Chaque jour, des milliers de Toulousains arpentent la rue du Taur ou la rue Pargaminières sans savoir ce que ces mots signifient, ni même qu’ils les prononcent parfois de travers. Ces noms racontent deux mille ans d’histoire enfouie sous les pavés, en occitan, en latin médiéval, et parfois à travers une légende criminelle vieille de neuf siècles.

La rue du Taur : un taureau, un martyre, une ville entière
La rue du Taur est la plus empruntée du centre historique, puisqu’elle relie la place du Capitole à la basilique Saint-Sernin en 343 mètres. Pourtant, rares sont ceux qui savent que « taur » est simplement le mot occitan pour « taureau », et que ce nom raconte l’une des scènes fondatrices de la ville.
En l’an 250, Saturnin, premier évêque de Tolosa, refusa de participer au sacrifice d’un taureau sur les marches du Capitole. Les pèlerins lui attachèrent le corps à l’animal, qui le traîna à travers la ville jusqu’à ce que la corde se rompe là où s’élève aujourd’hui l’église Notre-Dame du Taur, premier lieu d’inhumation du saint avant que ses reliques ne rejoignent la basilique plus au nord.
Ce que l’on sait moins, c’est que cette même légende a donné son nom à la gare Matabiau : mata buòu signifie en occitan « tuer le bœuf ».
La rue Pargaminières : le quartier latin toulousain a ses artisans
Le nom intimide, la prononciation trébuche souvent. Pourtant, la rue Pargaminières suit une logique implacable : pargaminièrs désigne en occitan les parcheminiers, ces artisans qui produisaient la matière première indispensable à l’écriture et à la reliure des livres.
La rue se trouvait au cœur du quartier universitaire, là où l’université de Toulouse fut fondée en 1229, à deux pas des Dominicains et des Franciscains, puisque les parcheminiers fournissaient directement les étudiants et les copistes. Le mot a traversé huit siècles presque intact, même si aujourd’hui peu de passants imaginent qu’ils marchent sur l’ancien quartier des fabricants de livres.
La rue des Filatiers : des fileurs de lin, pas des filtres ni des filigranes
La rue des Filatiers, rendue piétonne en 1975 et fréquentée pour ses terrasses, tire son nom du mot occitan filatièrs, qui désigne les fileurs et tisserands de lin installés dans cette artère depuis le Moyen Âge. Ce sont eux qui donnèrent son identité à tout un segment de la Grand-rue médiévale, où se regroupaient les corporations par métier : boutonniers, chaussetiers, couturiers s’y côtoyaient dès le XIVe siècle, avant que les orfèvres ne s’y implantent au XVIe. Le nom a survécu à la Révolution, qui l’avait brièvement rebaptisée rue de la Liberté, et à des siècles d’oubli.

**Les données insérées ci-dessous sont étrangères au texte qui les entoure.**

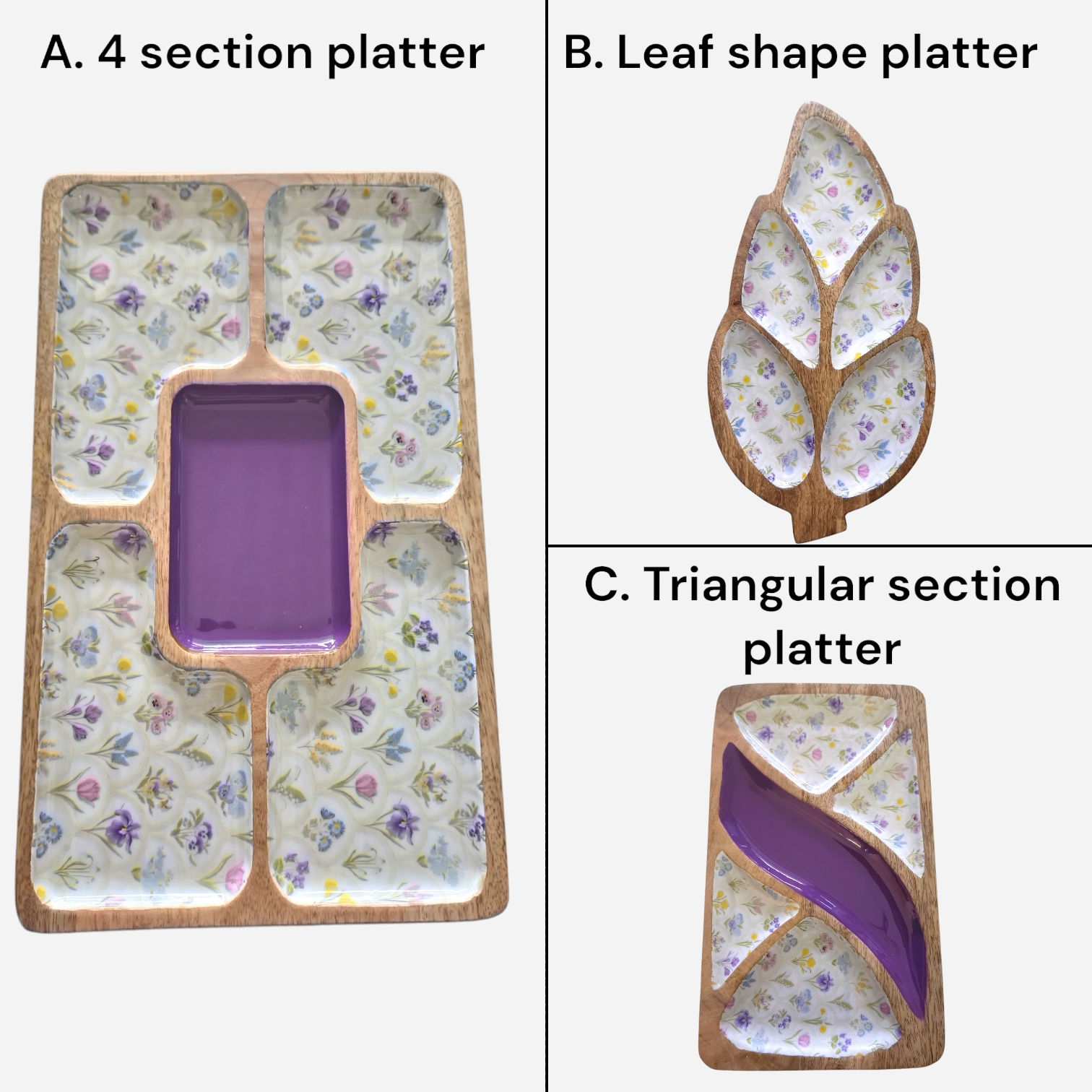 Mangowood Platters Set| 3 designs combo | Charming Flower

La rue Saint-Rome : ni Rome, ni saint romain vénéré
Beaucoup croient que la rue Saint-Rome doit son nom à la capitale italienne. La réalité est plus discrète : le nom vient d’une petite église médiévale, Saint-Romain en français, Sant Roman en occitan, construite avant le XIIe siècle au carrefour de l’actuelle rue Jules-Chalande.
Cette église fut donnée en 1216 à Dominique de Guzmán pour combattre l’hérésie cathare, mais la déformation phonétique de « Roman » en « Rome » s’était déjà installée dans l’usage, d’autant qu’un collège universitaire portant ce nom au XVIIe siècle consolida l’appellation. La rue correspond pourtant à l’ancien cardo maximus de Tolosa, ce que son nom francisé ne laisse plus deviner.
La rue Croix-Baragnon : une croix, une légende judiciaire du XIIe siècle
La rue Croix-Baragnon doit son nom à une croix de carrefour mentionnée dans une ordonnance du comte Raimond V en 1180, parmi les plus anciennes dénominations connues de la ville. Une légende du XVIIIe siècle prétend qu’elle fut érigée en mémoire d’un certain Varanhon, condamné à tort : son ami attaqué dans la nuit aurait crié Varanhon, me tua ! en occitan (« Baragnon, on me tue ! »), que les voisins auraient mal compris. La croix disparut pendant la Révolution, mais le nom est resté.
Ces cinq rues ne sont pas des exceptions : Toulouse compte des centaines de noms dont l’étymologie occitane est tombée dans l’oubli. Les plaques bilingues du centre donnent une première piste, mais si ce petit détour historique vous a pris par surprise, la prochaine balade dans le vieux Toulouse mérite qu’on lève enfin les yeux vers les plaques.